## Exercise instructions
Write out exactly the lines from the one holding "From the Secret" to the last line of the entries, both ends included and nothing else, without the pictures.

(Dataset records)
BEGIN

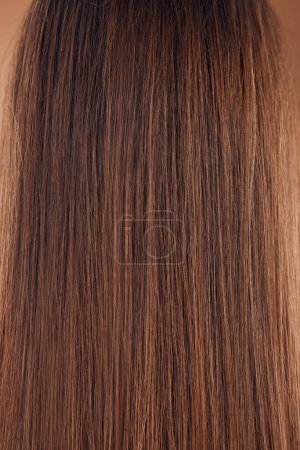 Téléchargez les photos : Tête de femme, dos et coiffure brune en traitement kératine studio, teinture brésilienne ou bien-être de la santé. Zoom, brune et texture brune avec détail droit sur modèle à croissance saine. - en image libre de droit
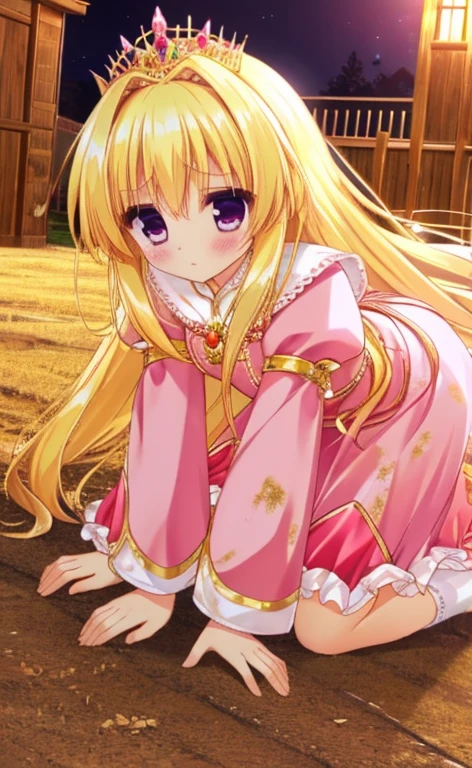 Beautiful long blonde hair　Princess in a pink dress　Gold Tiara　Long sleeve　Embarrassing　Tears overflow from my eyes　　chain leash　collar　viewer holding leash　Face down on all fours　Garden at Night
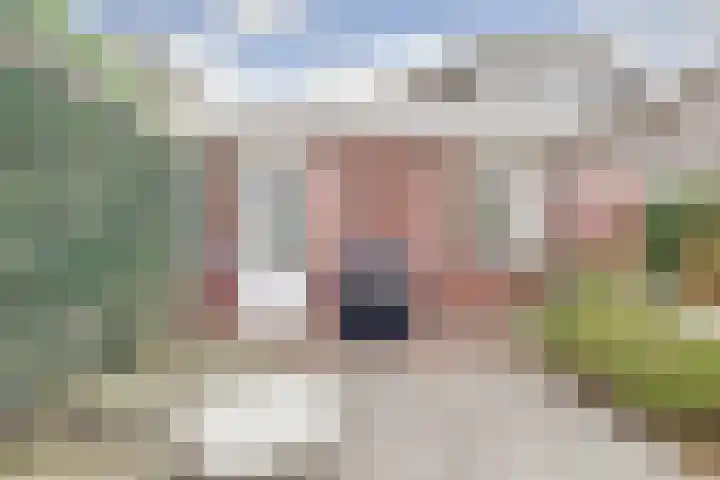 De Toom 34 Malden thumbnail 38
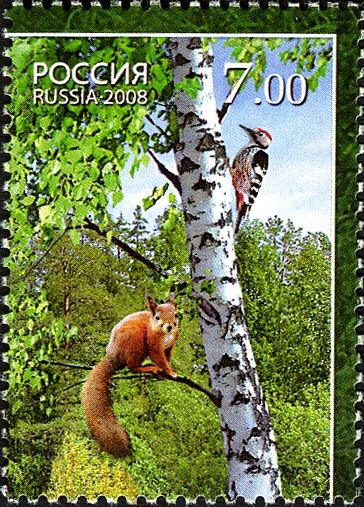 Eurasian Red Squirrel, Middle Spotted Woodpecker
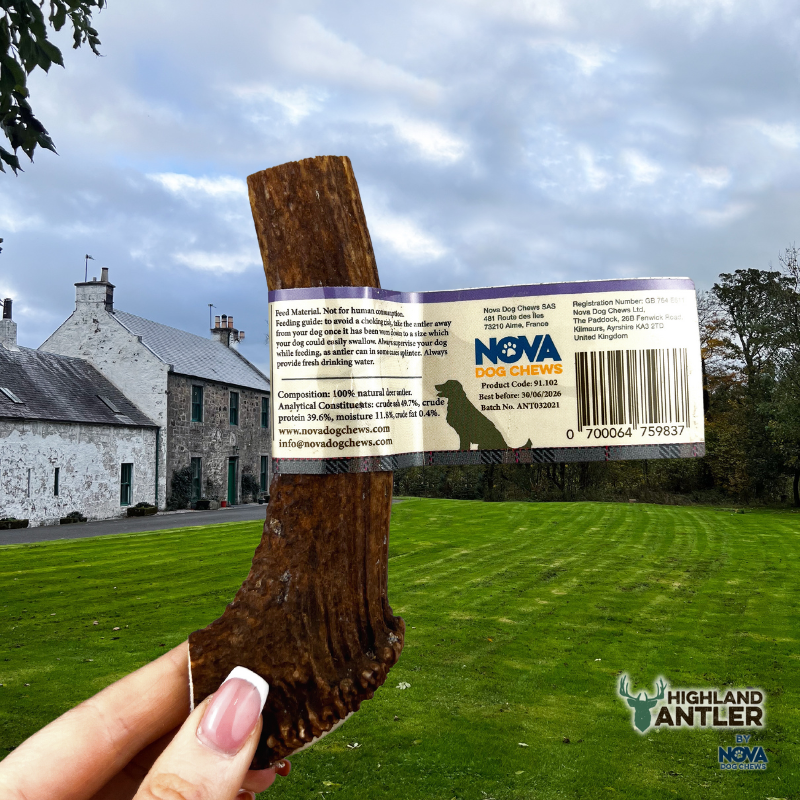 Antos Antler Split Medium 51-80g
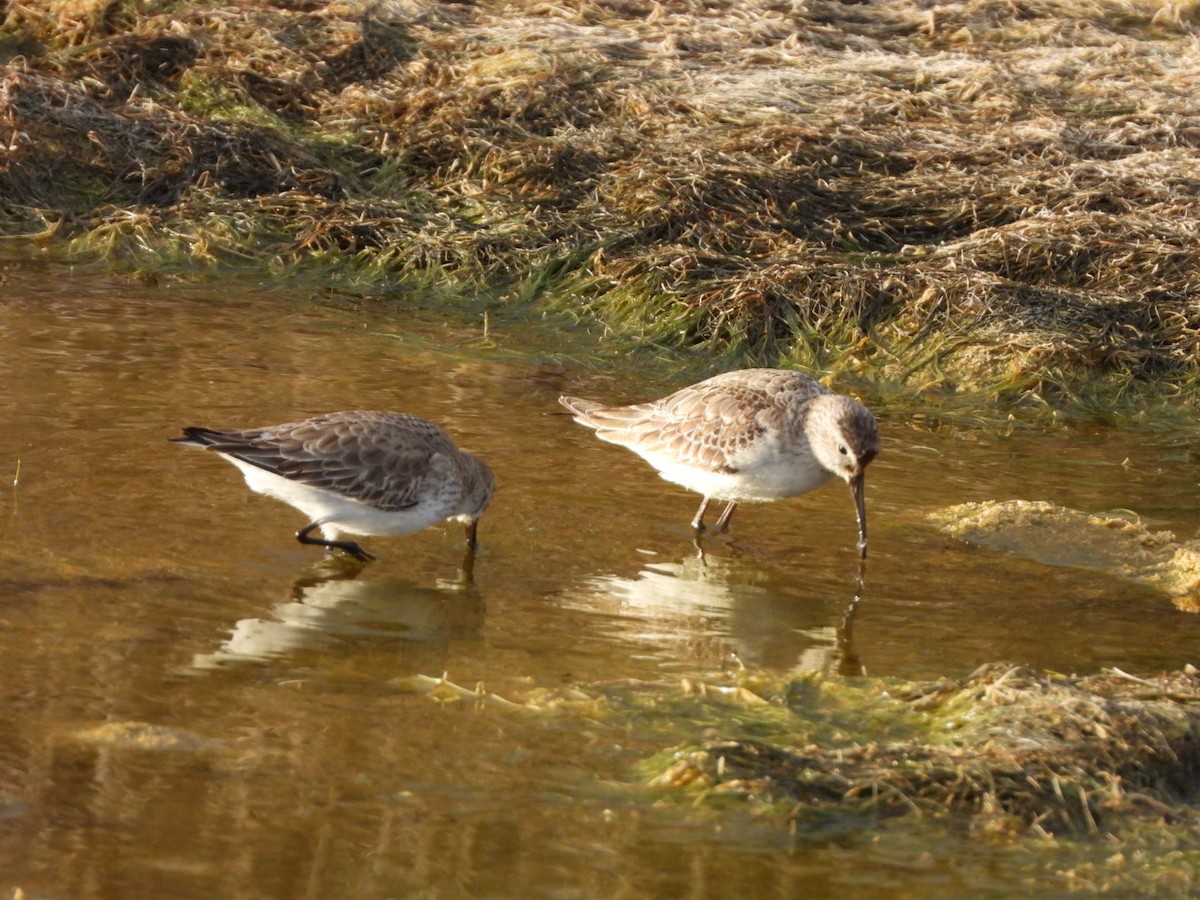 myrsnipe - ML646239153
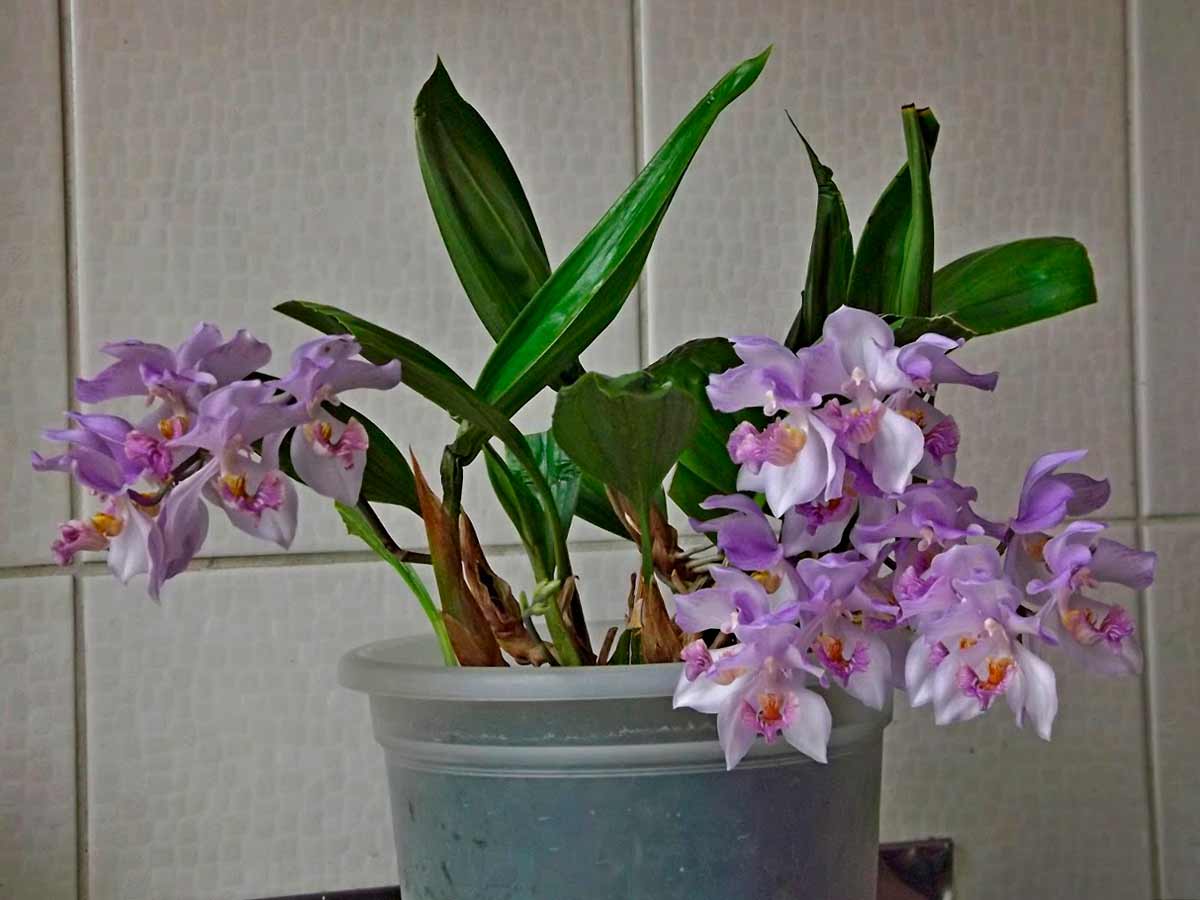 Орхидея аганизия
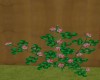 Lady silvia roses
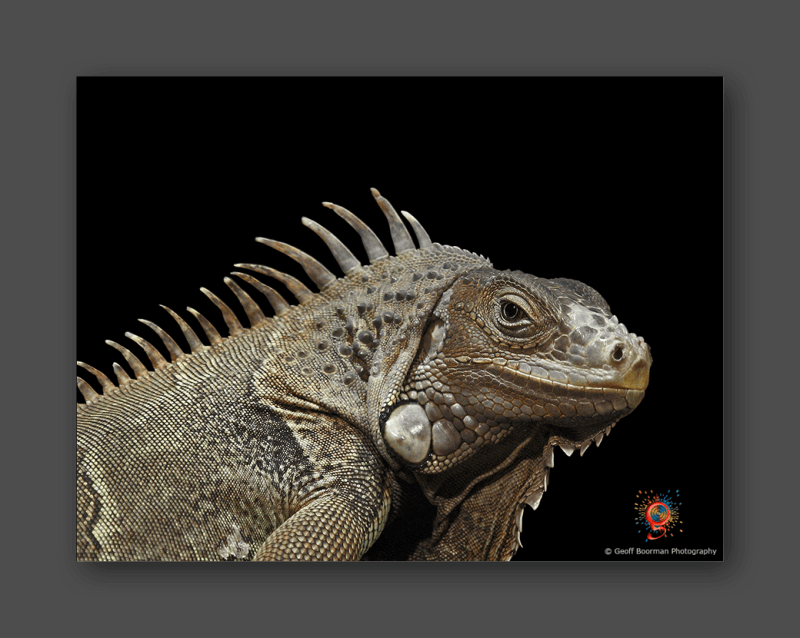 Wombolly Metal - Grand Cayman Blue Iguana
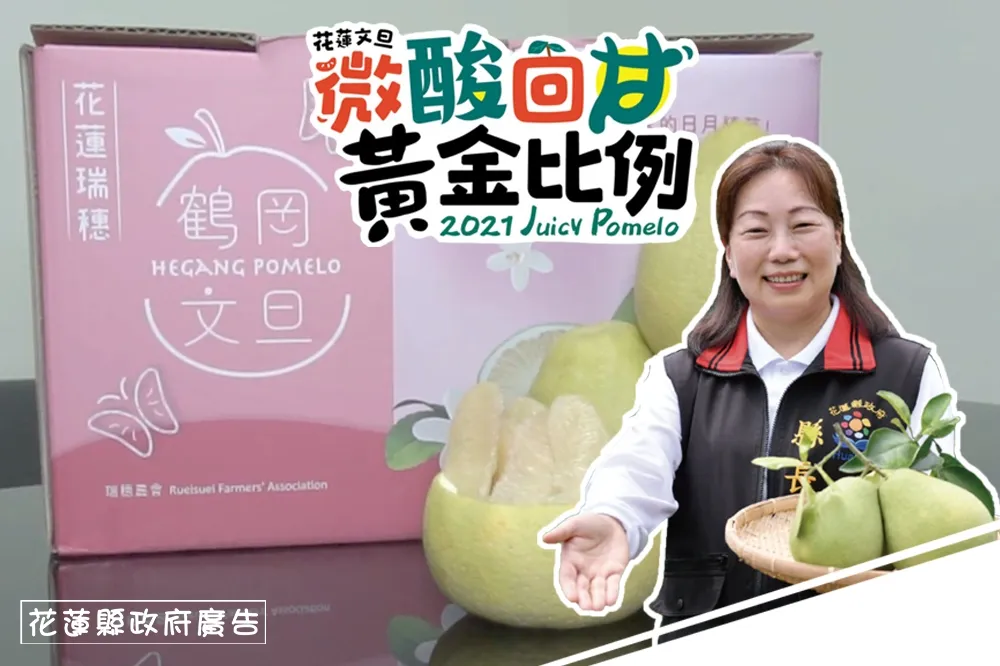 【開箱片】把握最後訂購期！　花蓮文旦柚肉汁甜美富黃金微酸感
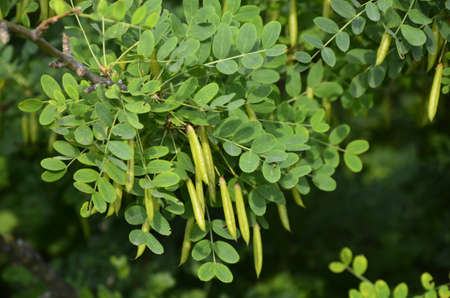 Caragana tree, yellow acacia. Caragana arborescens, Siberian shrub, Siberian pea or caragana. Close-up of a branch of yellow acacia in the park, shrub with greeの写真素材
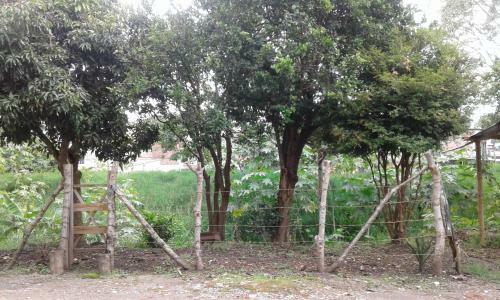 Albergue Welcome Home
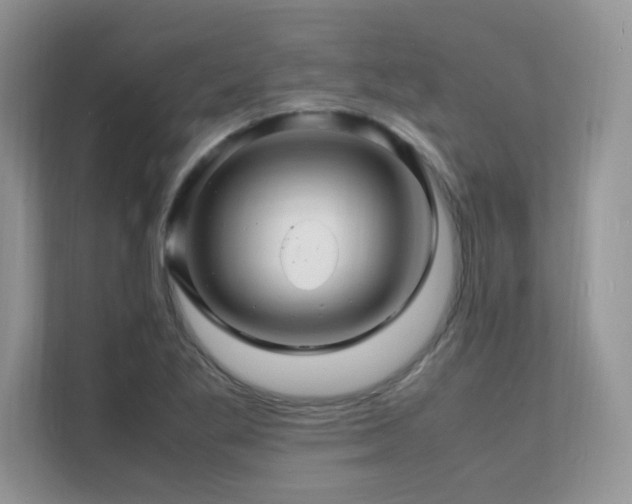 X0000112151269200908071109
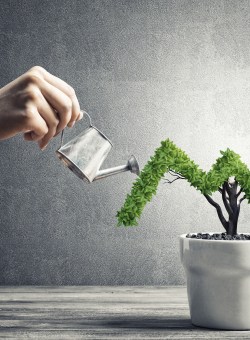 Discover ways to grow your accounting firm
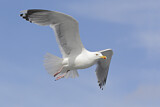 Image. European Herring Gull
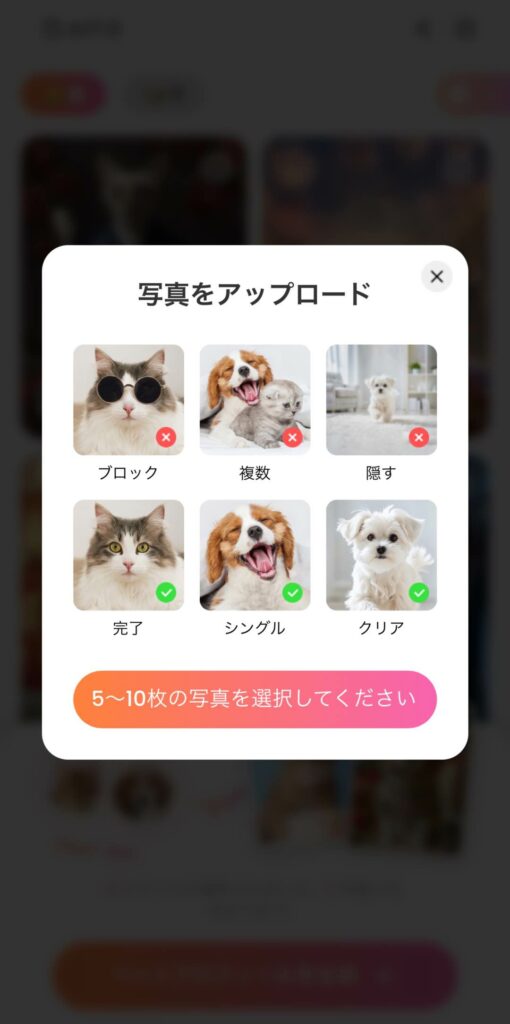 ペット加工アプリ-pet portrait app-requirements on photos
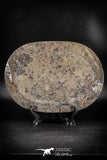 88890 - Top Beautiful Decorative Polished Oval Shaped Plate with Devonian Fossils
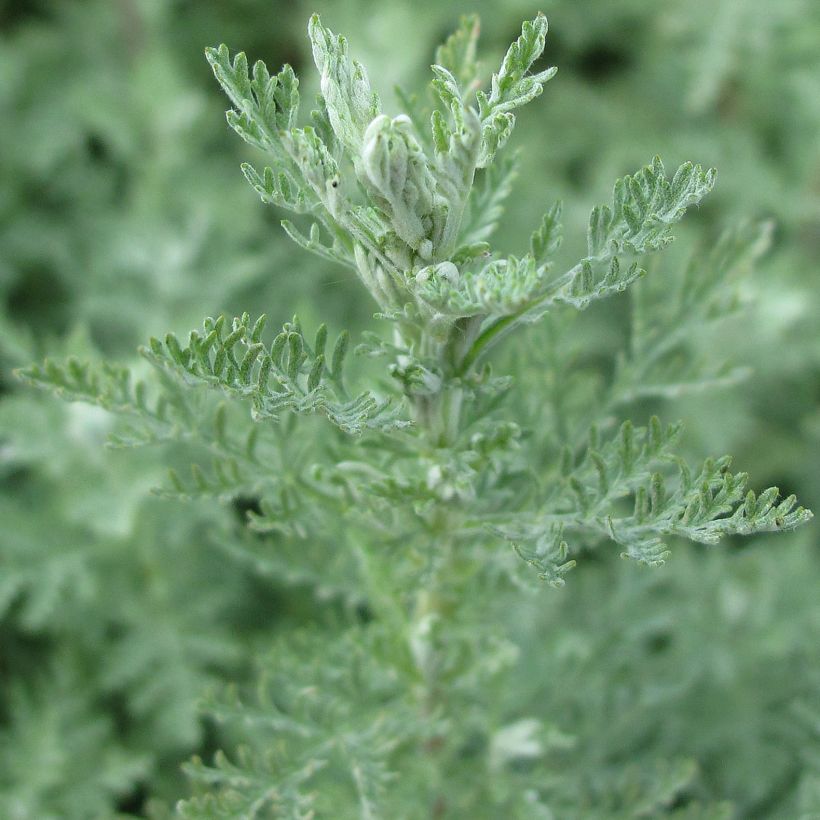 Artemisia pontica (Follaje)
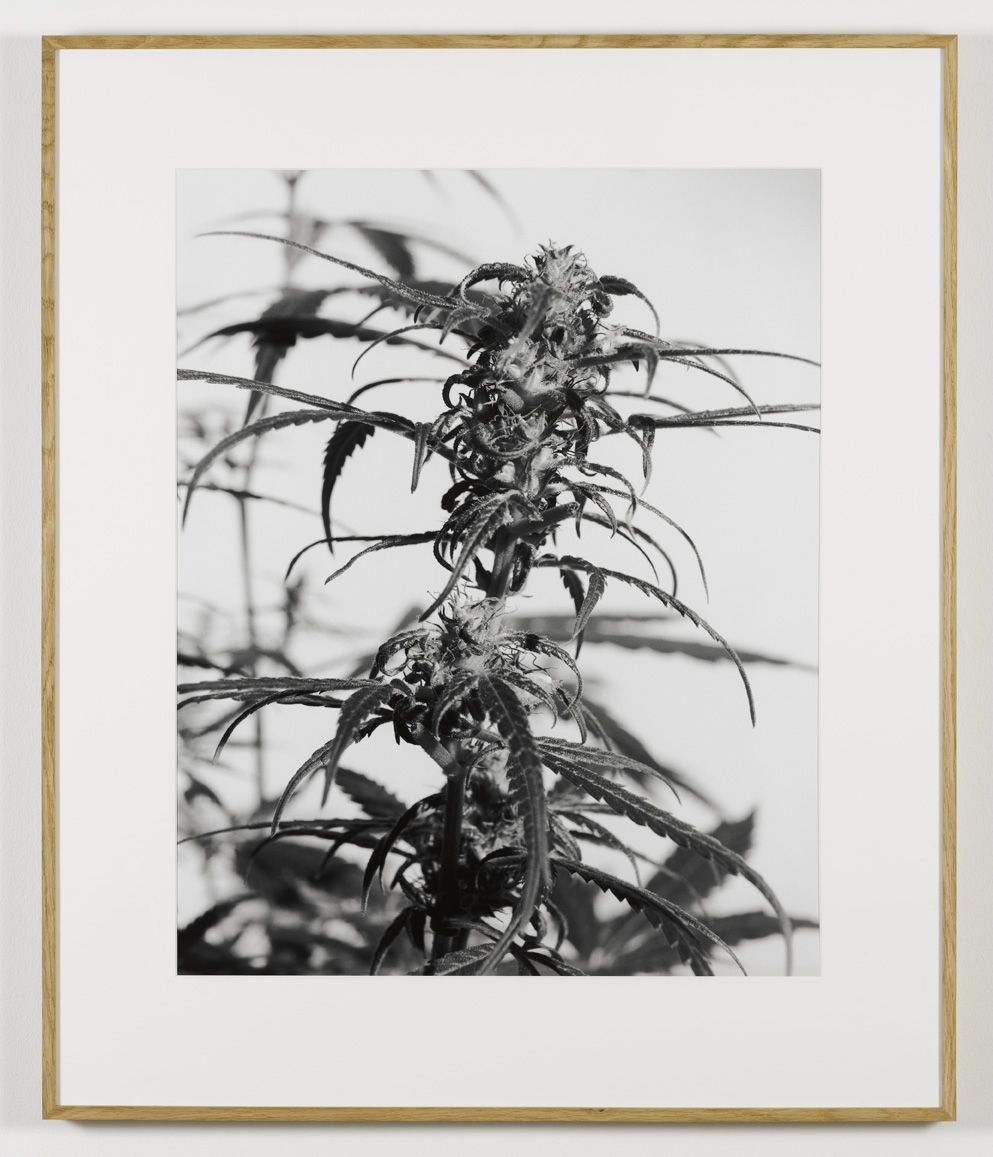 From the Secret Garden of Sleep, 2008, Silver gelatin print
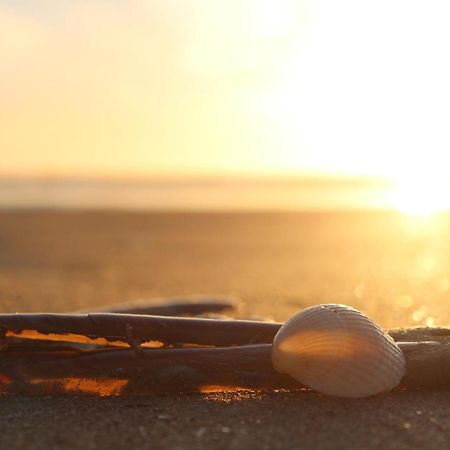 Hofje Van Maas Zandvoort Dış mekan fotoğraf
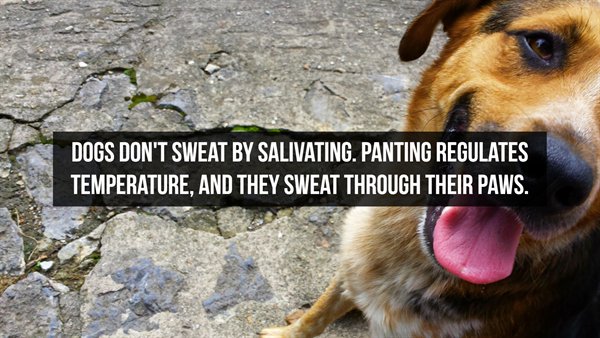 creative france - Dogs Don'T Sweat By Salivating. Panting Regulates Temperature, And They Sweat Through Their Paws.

END

## Solved exercise
 From the Secret Garden of Sleep, 2008, Silver gelatin print
 Hofje Van Maas Zandvoort Dış mekan fotoğraf
 creative france - Dogs Don'T Sweat By Salivating. Panting Regulates Temperature, And They Sweat Through Their Paws.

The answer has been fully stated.